Call to end meter project

2009-07-22 00:00

MEMBERS of the South African Municipal Workers’ Union (Samwu) marched through the streets to the Pietermaritzburg City Hall yesterday to hand-deliver a memorandum outlining their grievances.

Reading out the memorandum to Msunduzi Mayor Zanele Hlatshwayo and municipal manager Rob Haswell, Samwu shop steward Themba Lyons called for the cessation of privatisation and outsourcing, saying it would put people out of their jobs.

He said they were disturbed to read about the municipality’s new high-tech water and electricity meter reading system in the media and called for it to be stopped.

Lyons said Samwu was calling for effective service delivery in all areas.

“Service delivery must be equal in all communities. Current fire services only cater for whites and Indians, not people in the townships,” he said.

Lyons said Samwu was against the casualisation of labour and said all temporary employees must be hired on a full-time basis.

He said the suspension of firefighter Mbulelo Majola was unjust and demanded his immediate re-instatement coupled with full pay. He said that Majola, who is also a shop steward, was being victimised and this did not sit well with Samwu.

Majola was suspended almost two weeks ago by then acting municipal manager Kevin Perumal for inciting staff.

Sources told The Witness that Majola’s only crime was that he requested that the fire fleet be upgraded and urged for additional fire stations to be set up in areas such as Northdale and Edendale. The W itness has learnt that Samwu was meant to have been consulted prior to the suspension, but this was not done.

Lyons said the municipality needs to stop protecting non-performing managers.

“When we are perceived to be in the wrong, we are quick to be suspended, but managers who are actually in the wrong … are protected,” he said.

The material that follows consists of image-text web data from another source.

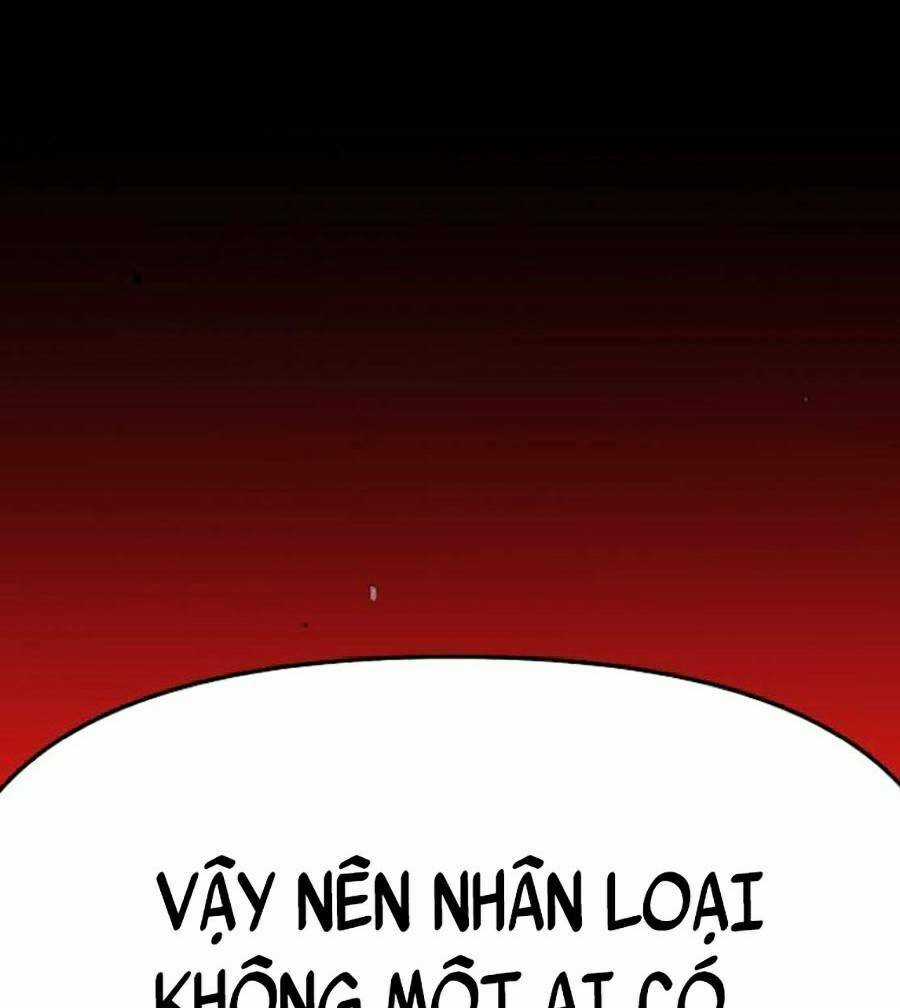 Cuồng Thú Chapter 12 trang 113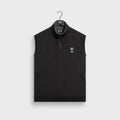 Kith for BMW Hughey Vest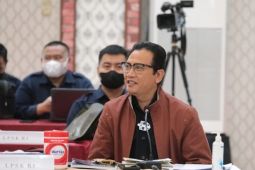 LPSK apresiasi Polda Sumut tahan delapan tersangka kasus kerangkeng manusia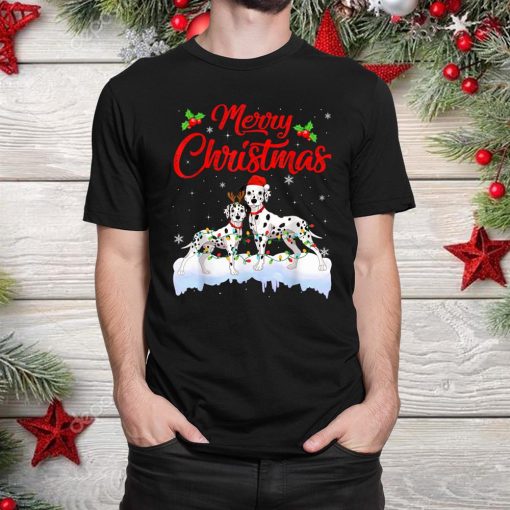 dalmatian with lights funny dog santa hat christmas shirt 1 510x510 1.jpg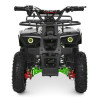 Детский электроквадроцикл Profi HB-ATV1000AS-2-5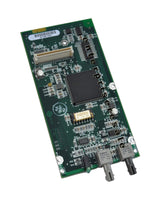 Mitel Phone Switching Systems, PBXs Mitel (9180-510-001-NA) FIM Module fits on Interface BCCIII & PRI SX200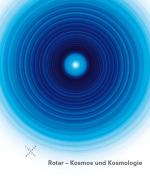 Cover-Bild Rotar - Kosmos und Kosmologie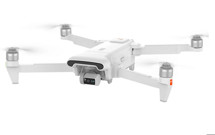 Xiaomi Fimi X8 Tele Max Combo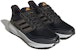 adidas Ultrabounce 'Black Green' ID9398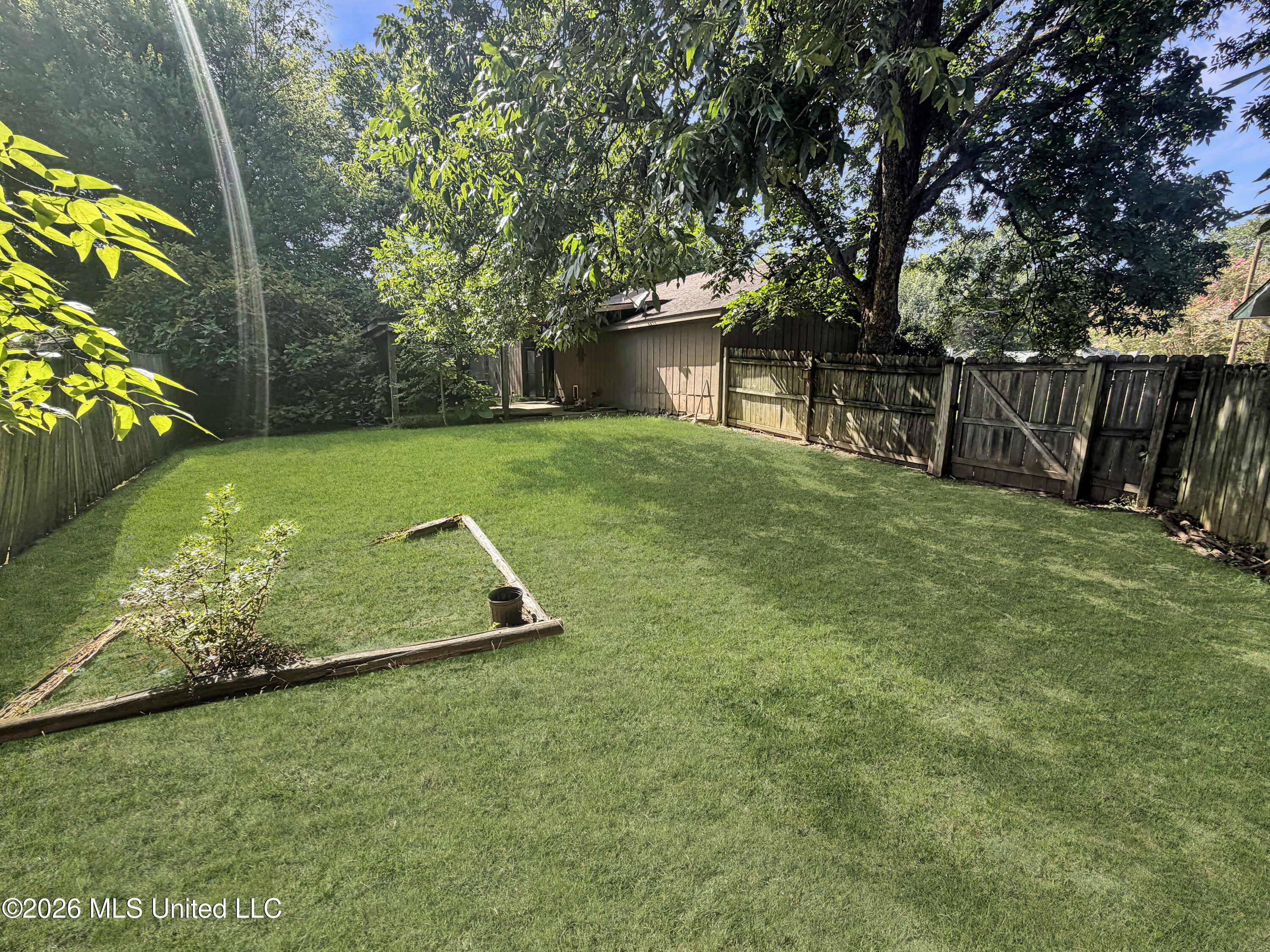 328 S Longmeadow Court Property Photo 15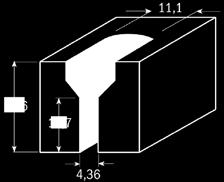 864 11,25 21,5 22 C95750411 882 1 068 15 24,5 22 C95750311 917 1 110 22,5 31 22 C95750211 957 1 158 30 38,5 22 C95750111 1 062 1 286 F099-42300 F079-00300 C99005800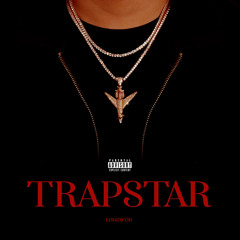 Intro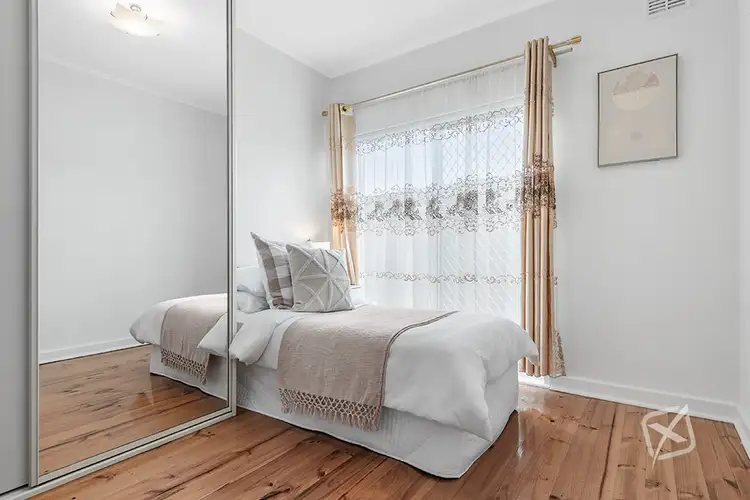 Sixth view of Homely house listing, 450 Morphett Road, Warradale SA 5046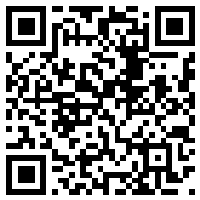QR Code for bitcoin:dash:XxckKxDfnMPhfCqZhpVSCvNyHTFznaT88i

Lyons said Majola’s suspension has brought the municipality into disrepute and those responsible must be suspended immediately.

He said Samwu was against favouritism, discrimination and racism and said locals should not be overlooked for positions in favour of those residing outside the city.

Lyons said they were told to expect a six percent pay increase and this was unacceptable.

“Workers can’t afford decent housing with the salaries they get. It’s difficult to be productive at work when you’ve slept in a tent all night,” he said.

Hlatshwayo said the municipality had budgeted for a 12% pay increase, but this would be discussed once council recess ends.

She urged the crowd to bring their issues to the labour forum in order for them to be resolved. She said those whose services would no longer be required to read meters would not lose their jobs, but would be redeployed.